Stopping the plague
Rejecting political Islam
June 4, 2006
iranian.com
The overall shadow of the Cold War helped consolidate Political Islam over most Muslim societies as an ideological bastion against communism.
Today, American support for Political Islam has gone to grotesque stories. In the case of Afghanistan, the pretext was “fighting communism” and in the case of Iran, the US, caught by a sense of immediacy and crass pragmatism, had to help the Islamic movement, as an alternative to the Shah’s regime, to set up a new bastion against an eventual socialist revolution in Iran. The Islamists finally became the Western support to install their God’s state in Iran. The main goal of this grotesque alliance between the West and the Iranian Islamists was not of course to free Iranian people from the dictatorship--from the Western side, the alliance was a tactic to keep away the country from a socialist revolution which was supposedly en route. And from the Islamists’s side; the alliance was an easier choice to establish their IRI.
These stories are fraught with ironies: Today's Political Islam, which is reborn with the Islamic Republic of Iran, after all, is partly the result of America's miscalculation in creating a Muslim "green belt" against “red” communism in the Middle East and partly due to the absence of an Iranian democratic movement in the period of the Iranian revolution to foil this plot.

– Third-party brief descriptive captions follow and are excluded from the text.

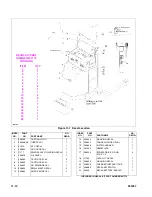 Preview for 82 page of Big Joe PDBB-20-T12 Operation, Maintenance, Repair Parts List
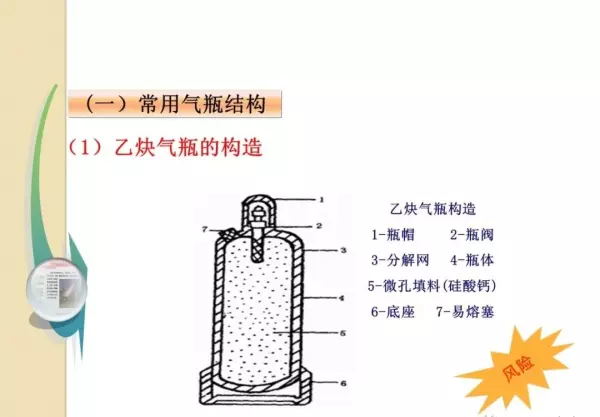 各种气瓶的存放必须距离明火几米(71)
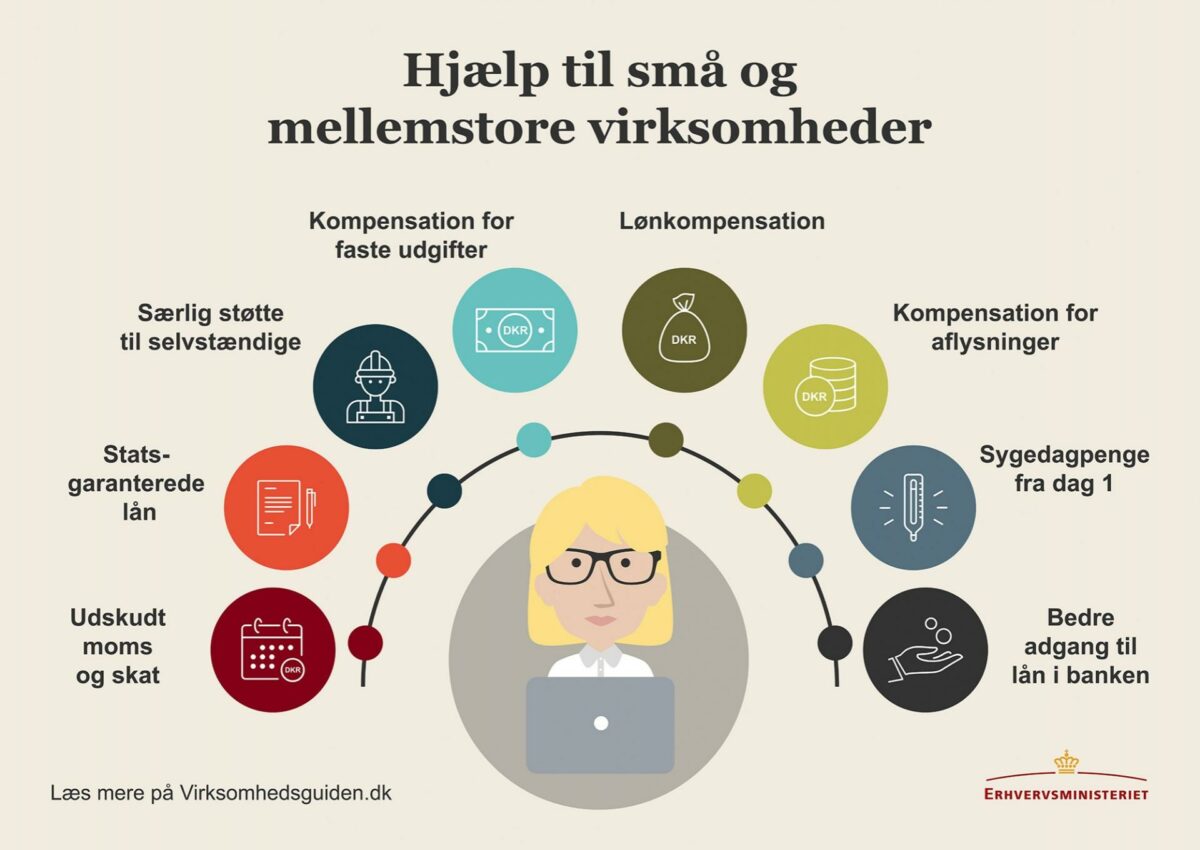 En ekstraordinær situation kræver ekstraordinære løsningsforslag. Sådan et præsenterede Danmarks finansminister og erhvervsminister onsdag. Illustration: Finansministeriet.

The alliance with Islamist has forced Western governments to close their eyes not only to this transient ally’s brutality against their own people but also to their acts of terror against all humanity. The Western governments have reacted to terrorist regime of the Islamic Republic of Iran with mild rebukes and critical "dialogue."
Shortly after establishing their Islamists regimes, the IRI and late Taliban have used respectively Iran and Afghanistan to international bases of Islamist terrorism. Jihadist centers of recruitment and training have set up dreadful colons of killers. These are to consolidate the local dictatorship of Political Islam and to spread Islamist terrorism worldwide. The West still underestimated threats of political Islam. Today, the IRI remains as the main base of international terrorism.

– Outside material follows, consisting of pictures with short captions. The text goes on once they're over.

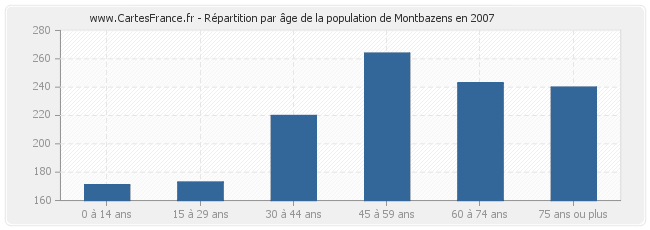 Répartition par âge de la population de Montbazens en 2007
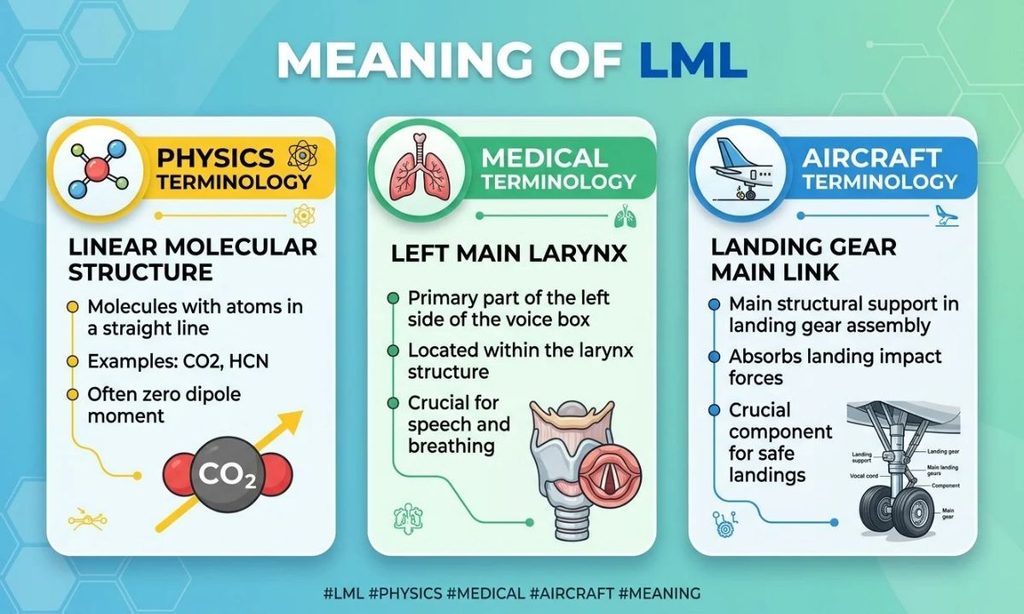 Meaning of LML in Physics, Medical, and Aircraft Terminology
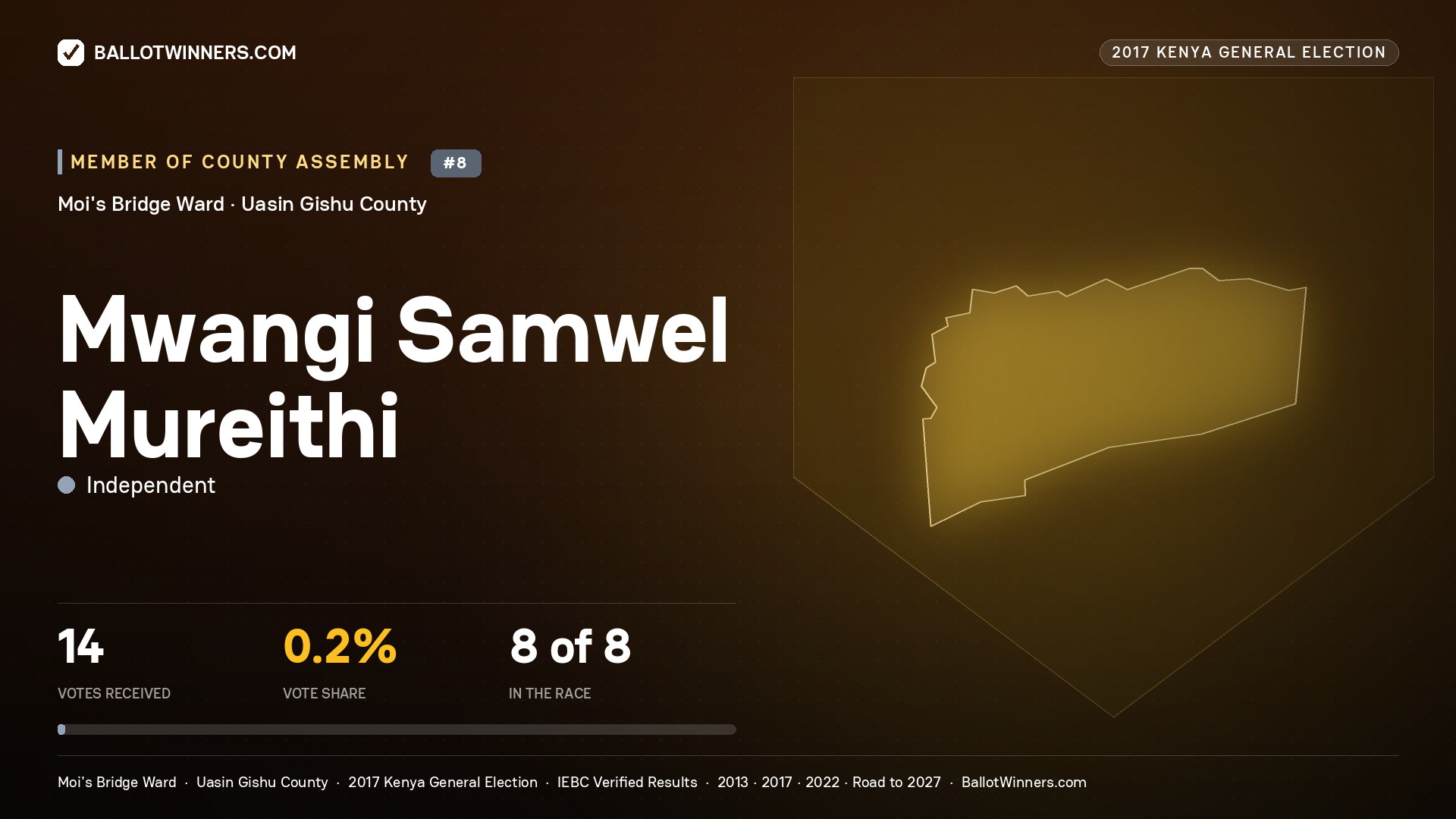 MWANGI SAMWEL MUREITHI, INDEPENDENT, contested Member of County Assembly for MOI'S BRIDGE, 14 votes, 2017 Kenya general election.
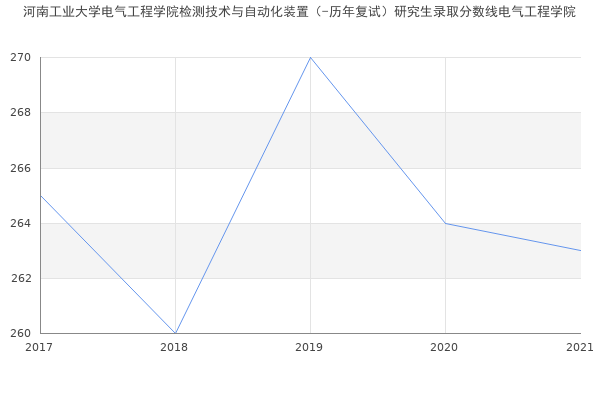 河南工业大学电气工程学院检测技术与自动化装置（-历年复试）研究生录取分数线电气工程学院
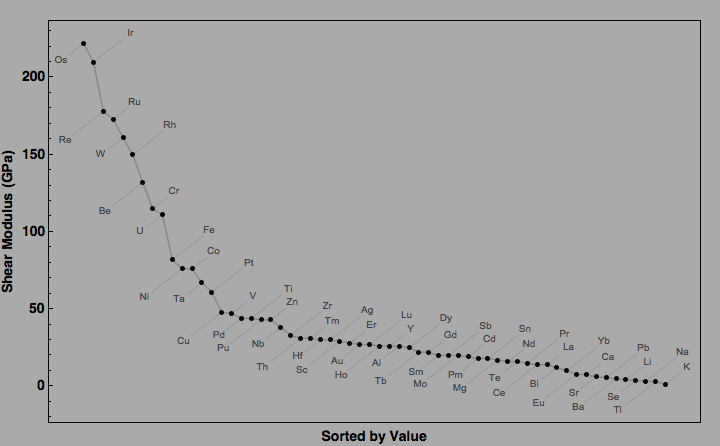 data plot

Political Islam has resulted worldwide in violence and acts of terrorism. Although some Western countries, under their public pressure, consider Political Islam a threat to their status as secular society, the irony is that they have not yet taken adequate measures to even prevent its growth in the Western societies. More and more various Islamist persons and groups are active in many Western societies, creating more problems for the international community.
Although Islamism developed in societies with a Muslim majority, it is now an international phenomenon. Its message is to fight the “profane” world of non Muslims, its activities are subject to widespread acts of violence and intolerance and its goal is to globally impose Islamic states. There are no geographical limits to the spread of ideas and activities. Therefore, despite of appeasement of western governments, a solidarity is growing in the international community to push back the plague of Islamism worldwide.
Most Western people know that the financial resources of Islamists in the world are mainly from Saudi Arabi and the IRI but the terrorist actions and political goals of the Islamists are mostly orchestrated by the IRI. New jiahdists are always recruited from the Islamic schools, mosques, Tawheed institutes, all of which see their funding and number greatly increased in the Western societies.
After the Iranian revolution of 1979, Political Islam effectively reappeared in Iran and rapidly influenced the Islamic world. Political Islam in Iran set up itself with the combination of a traditional clergy and some Islamic groups. It claimed that Islam is both a faith and a political system with all socioeconomic models deprived from the Koran and Islamic traditions. Although these standard models have roots in the primitive clan society of pre-Islamic Arabia, the Islamists attempt to impose them on today’s society.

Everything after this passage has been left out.